> [EXERCISE AIM]
Could you output each record below exactly as it stands and leave the pictures out?

> [THE INPUT]
------------------------

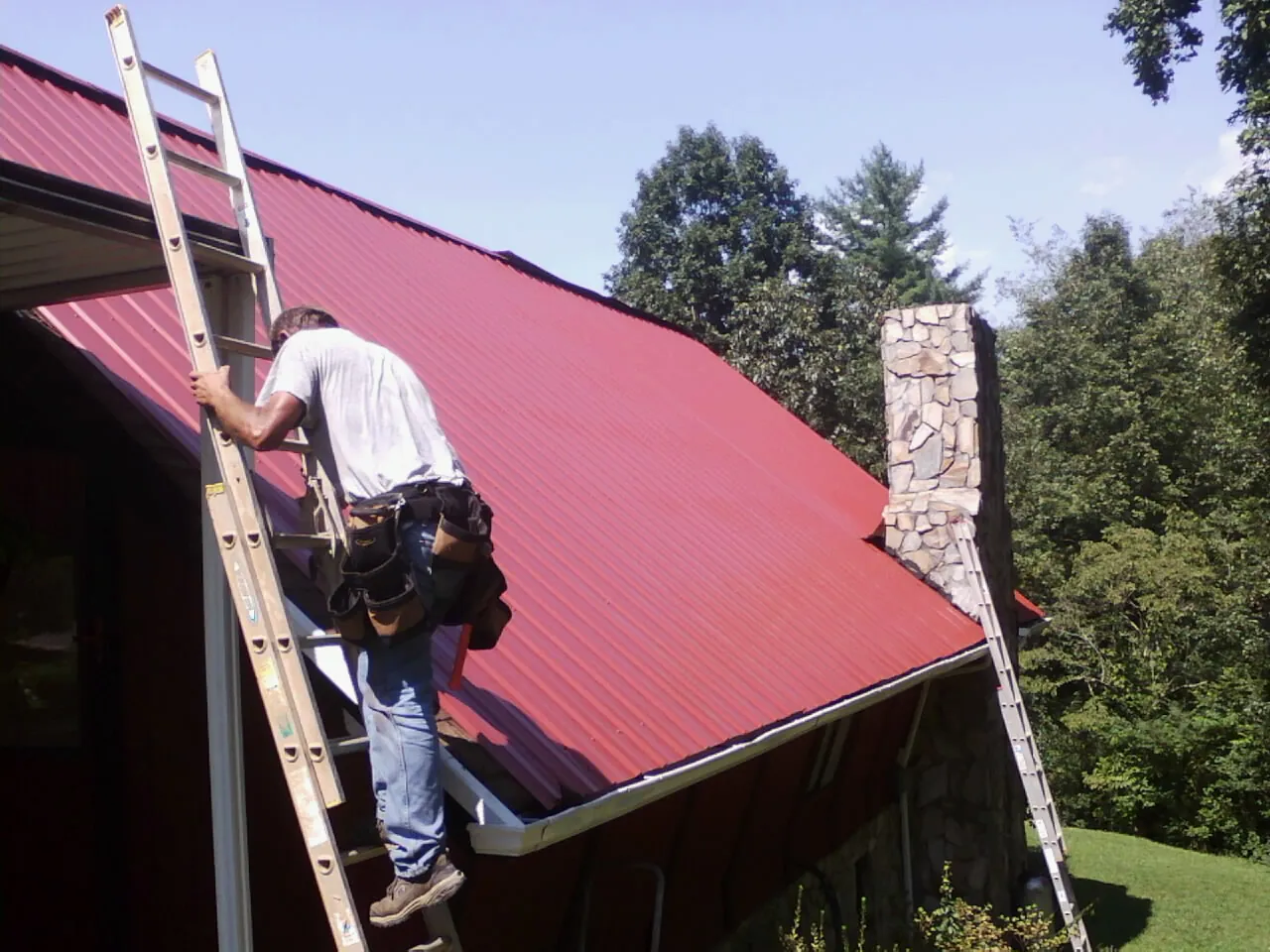 Roofer on a ladder beside a red metal roof and stone chimney — Soffit & Fascia Repair by Roofing Brothers in Astor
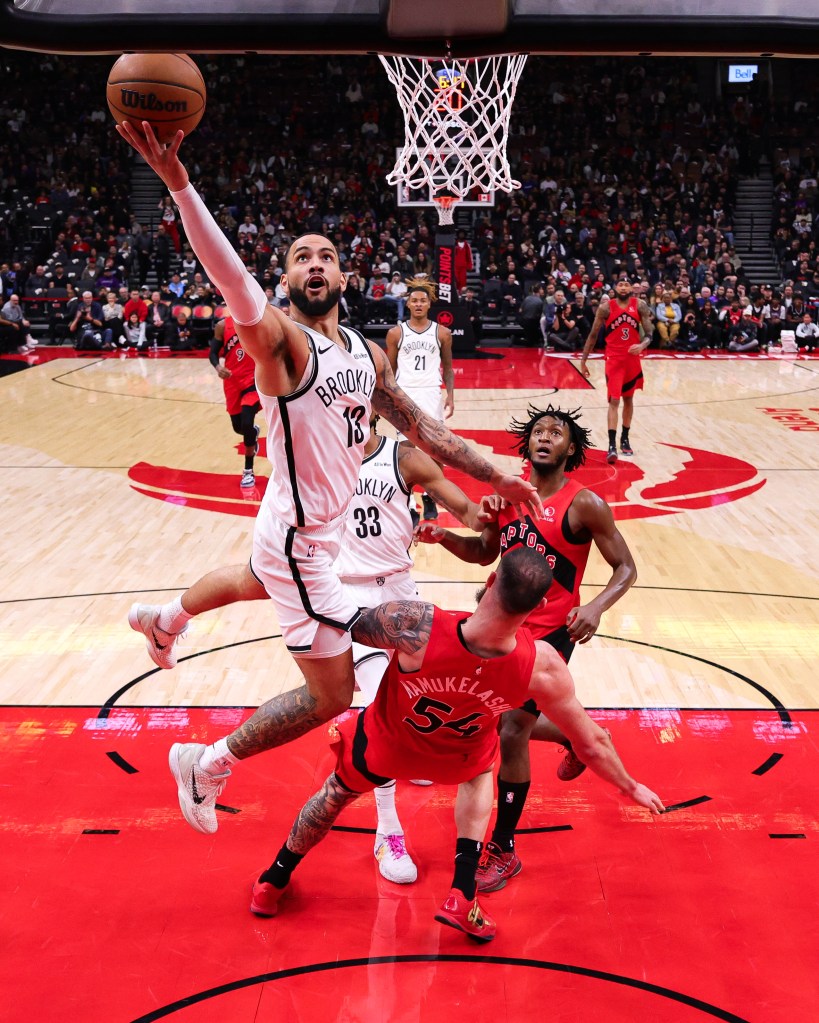 Tyrese Martin drives to the basket for the Nets against the Raptors.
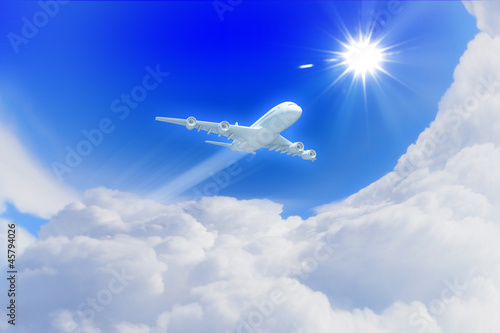 White passenger plane in the blue sky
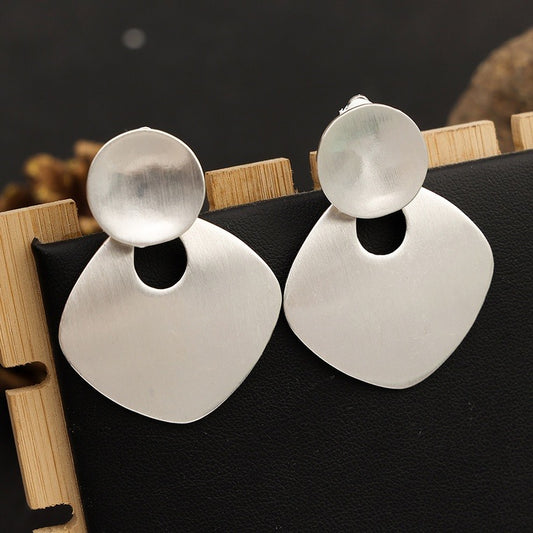 Silver Circle Clip On Earrings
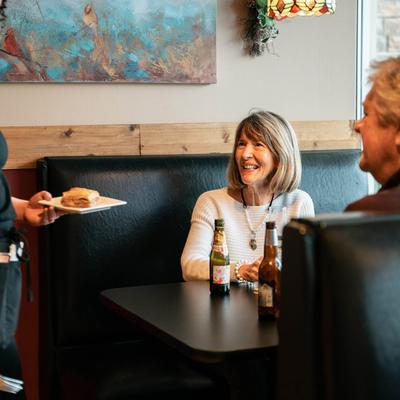A couple of guests interacting with a waitperson.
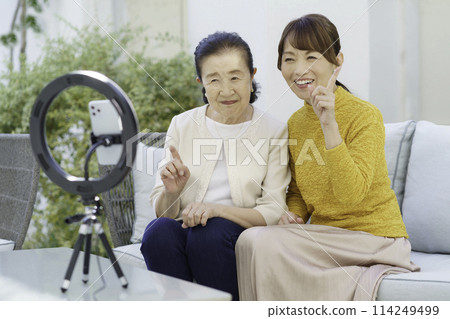 Senior and middle-aged women streaming videos 114249499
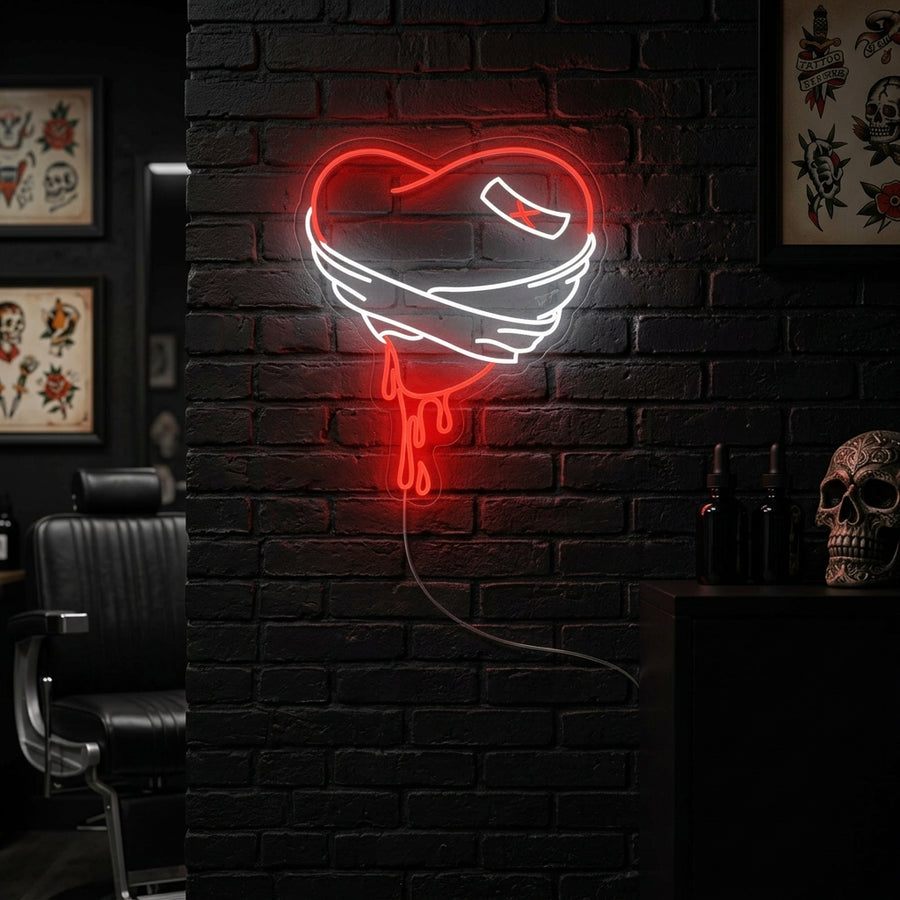 A vibrant red bleeding broken heart neon sign displayed on a dark accent wall in a stylish living room.
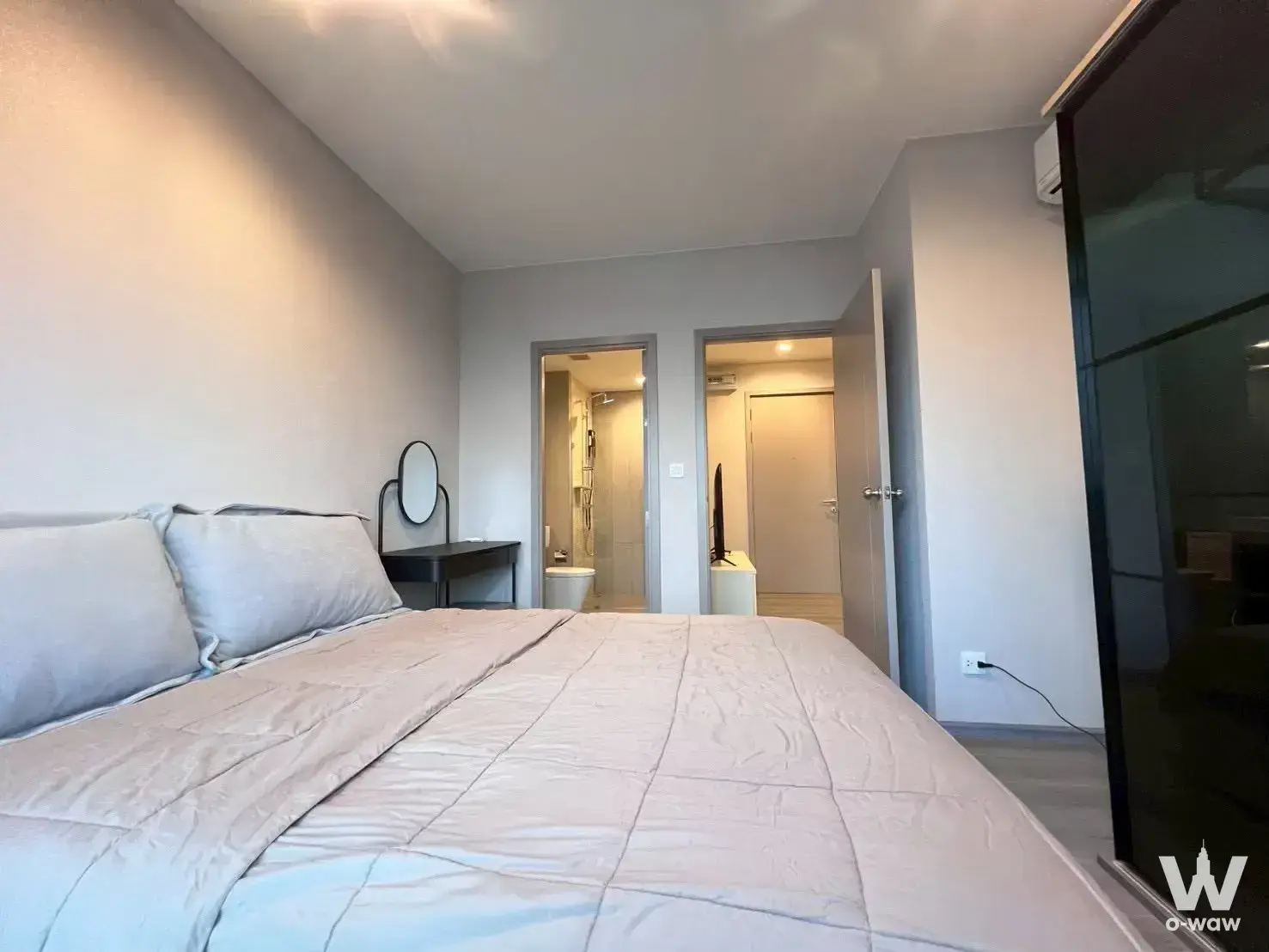 Furnished bedroom in The Politan Aqua condo featuring a queen bed, console table, and glass wardrobe panel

------------------------

> [ANSWER]
 Roofer on a ladder beside a red metal roof and stone chimney — Soffit & Fascia Repair by Roofing Brothers in Astor
 Tyrese Martin drives to the basket for the Nets against the Raptors.
 White passenger plane in the blue sky
 Silver Circle Clip On Earrings
A couple of guests interacting with a waitperson.
 Senior and middle-aged women streaming videos 114249499
 A vibrant red bleeding broken heart neon sign displayed on a dark accent wall in a stylish living room.
 Furnished bedroom in The Politan Aqua condo featuring a queen bed, console table, and glass wardrobe panel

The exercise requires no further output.